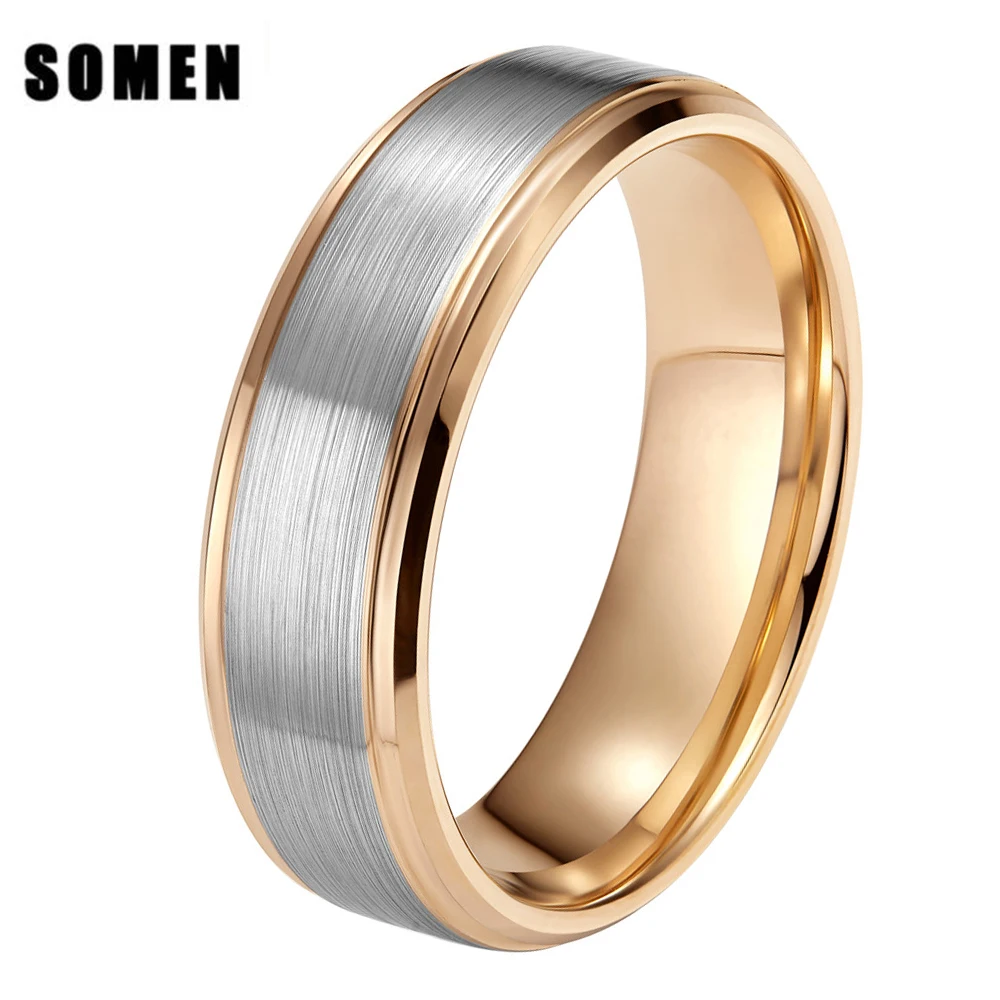 

Somen New 8mm High Polished Men Tungsten Rings Fashion Men Jewelry Wedding Band Male Anels Anillos Christmas Gift Comfort It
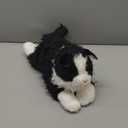 Tezituor 1Pc Cat Stuffed Animals Set, 20 inch Large Realistic Stuffed Cat, Soft Black and White Ragdoll Plush Pillow for Boys Girls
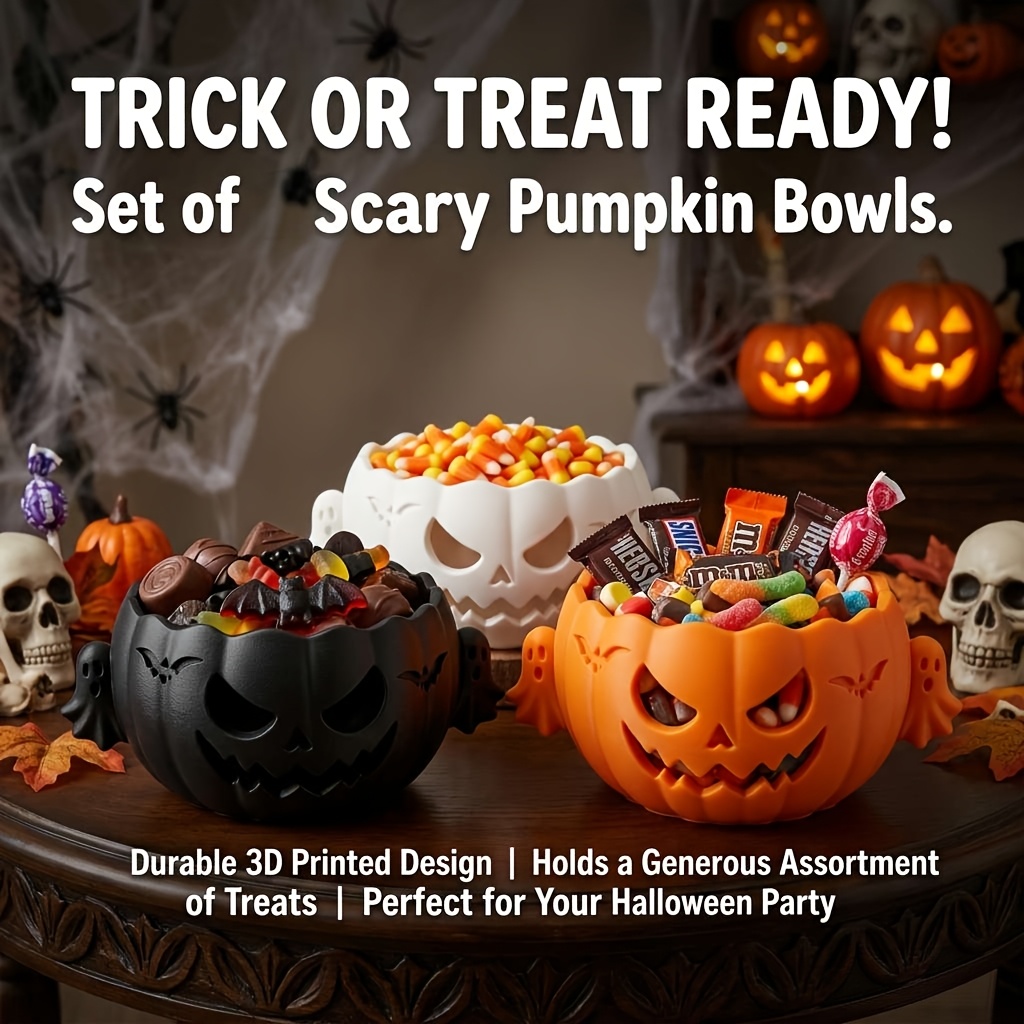 Pumpkin Candy Bowl with Handles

- Exercise directions -
A verbatim transcript of the material above, with images dropped, is the expected output.

- Task solution -
Somen New 8mm High Polished Men Tungsten Rings Fashion Men Jewelry Wedding Band Male Anels Anillos Christmas Gift Comfort It
 Tezituor 1Pc Cat Stuffed Animals Set, 20 inch Large Realistic Stuffed Cat, Soft Black and White Ragdoll Plush Pillow for Boys Girls
 Pumpkin Candy Bowl with Handles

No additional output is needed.